Bold steps were already taken in 2012, when the government liberated theatre and film from the censor’s grasp in favour of classification, but those reforms did not take into account other artistic mediums and the fact that censorship could still be applied by subjecting theatre and film to criminal law post-publication.

Admittedly, legislation on sexuality and religion was bound to be controversial. Regretfully, however, sensationalist and alarmist tendencies have unjustifiably tried to shift the focus of this reform on to sex shops and porn TV. Of course, these tendencies are baseless. The article titled ‘Sex shops unlikely to proliferate’ (the Times of Malta, July 13) already discredited the notion of any such sex shops flourishing in the digital age and another article published elsewhere quoted the Broadcasting Authority saying that absolutely nothing will change from the present regulatory scenario insofar as TV is concerned once Bill 113 is approved by Parliament.
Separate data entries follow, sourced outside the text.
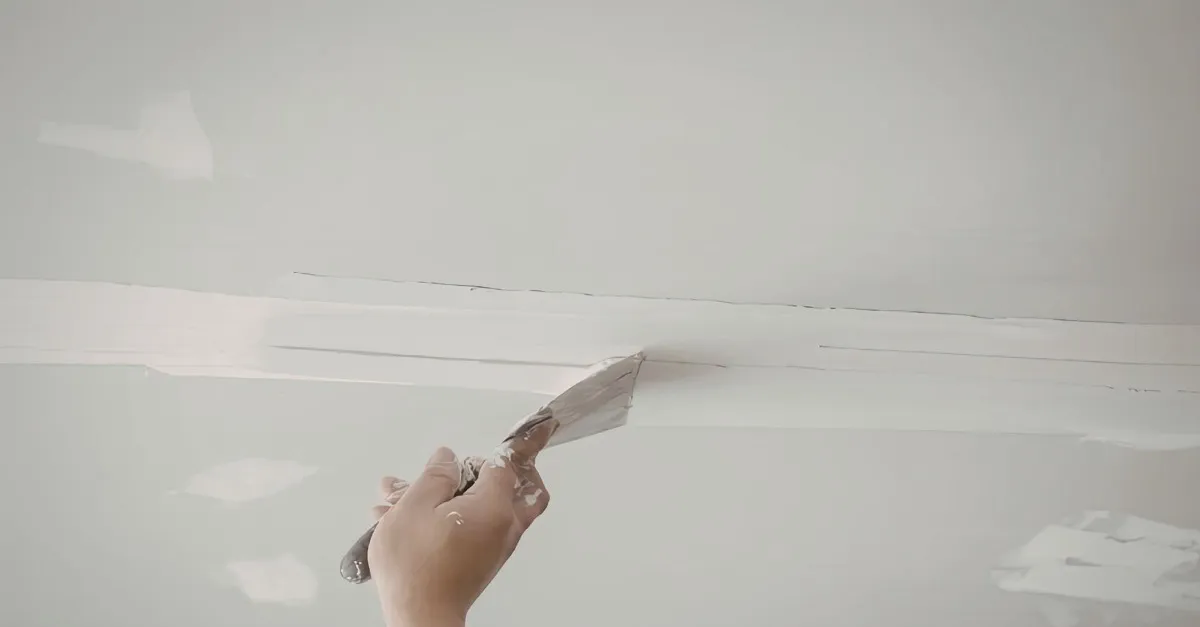 A taping knife working joint compound over taped drywall seams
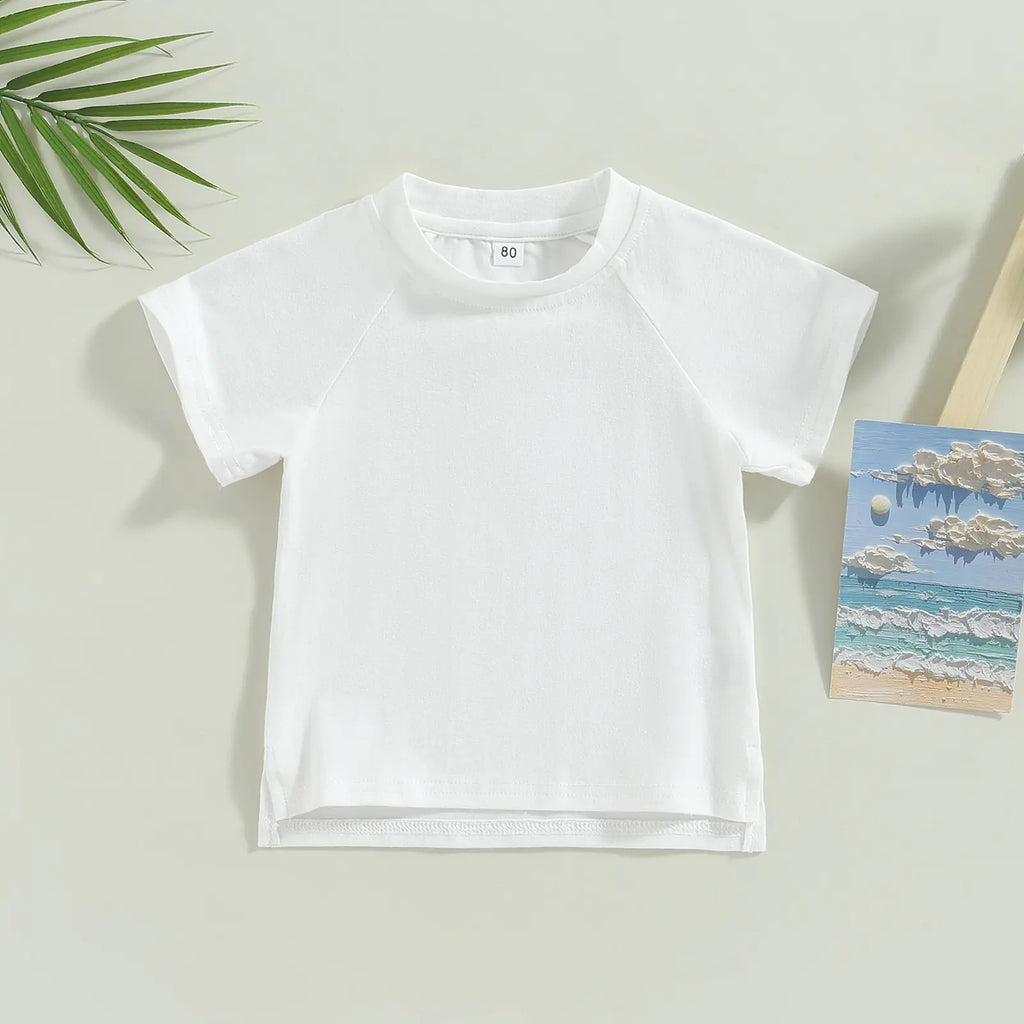 Toddler Kids Baby Girls Boys Summer Casual Tops - # BOAA11510016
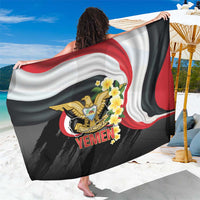 Yemen Unification Day Sarong Coat Of Arms With Frangipani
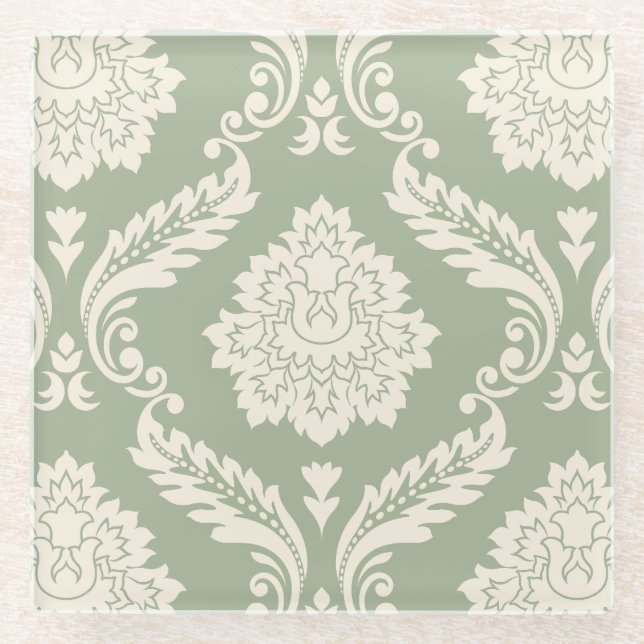 Dessous-de-verre En Verre Rococo Damask Lg Pattern Cream on Green (Devant)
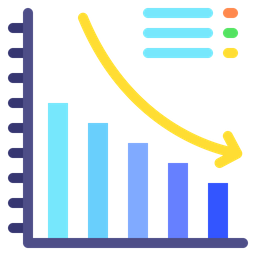 Gráfico de diminuição  Ícone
Why shouldn’t art explore the darker sides of humanity, warts and all?

Indeed, it does not make sense and it is unfair to try and drag Bill 113 into a debate on the merits or demerits of pornography.

Instead, I would like to explain why we proposed this reform, its importance and why it has been received so favourably by the artistic community and other sectors of the population.

Firstly, the recognition that moral principles are not static but change with time. If this were not so, then surely women should still be told how they should dress and what their societal role(s) should be. Surely, men exploited women more when they were less free. The law, as a living instrument, must reflect such changes.

Secondly, the basic principle that no person should face criminal punishment over subjective evaluations on what may be deemed “obscene” or what may have a “tendency to corrupt”. Rather, the purpose of criminal law should be, wherever possible, to impose punishment after forensic and objective proof of harm that is beyond all reasonable doubt.

Perhaps not many might know this but the law (the one Bill 113 seeks to change) defines obscenity and pornography as any material, the dominant characteristic of which is an undue emphasis on sex, violence, cruelty and horror. Under this definition, 80 per cent of films and literature such as Playboy or Fifty Shades of Grey should be banned outright and its distributors fined or put behind bars.

Thirdly, the idea that it should no longer be the function of the State to act as the moral custodian of a consenting adult population. Rather, the State should ensure that the public is given prior information or knowledge as to the content of certain material – the choice is then up to the viewer, reader or listener.

Yes, it is about time that we treat adults as adults.

Finally, and perhaps most importantly, the fundamental notion that freedom of expression, despite its limitations, is ultimately the rule and “is applicable not only to ‘information’ or ‘ideas’ that are favourably received or regarded as inoffensive or as a matter of indifference, but also to those that offend, shock or disturb the State or any sector of the population” (Handyside v United Kingdom, European Court of Human Rights, 1976).

All of this seems to have been missed by some conservative quarters in their critique of Bill 113. So, too, has it been conveniently left out that the draft law proposes to specifically criminalise “revenge porn” (a true degradation of a person’s dignity and sexual propriety) which, to date, no European State has done, bar France and the United Kingdom.

Rather than instilling needless fear in this manner, I would have expected a more reasoned debate, such as how we can truly strengthen legislation on sex trafficking, prosecution on all forms of domestic violence (which is not taken seriously enough), non-consensual sexual activity between couples, sexual harassment and abuse, and so on.

Quite frankly, I cannot fathom how we aspire to become a European cultural centre when we still punish art and artists in this manner or by forcing art to be simply dull and aesthetically pleasing. For why shouldn’t art explore the darker sides of humanity, warts and all?

By all means, use this Bill as a platform for discussing all of these important issues but do not rush to such irrational conclusions. Perhaps the 19th century British Cardinal John Henry Newman said it best when he claimed that “it is a contradiction in terms to attempt a sinless literature of a sinful man”.

Andrew Sciberras is a practising lawyer and was involved in the drafting of Bill 113.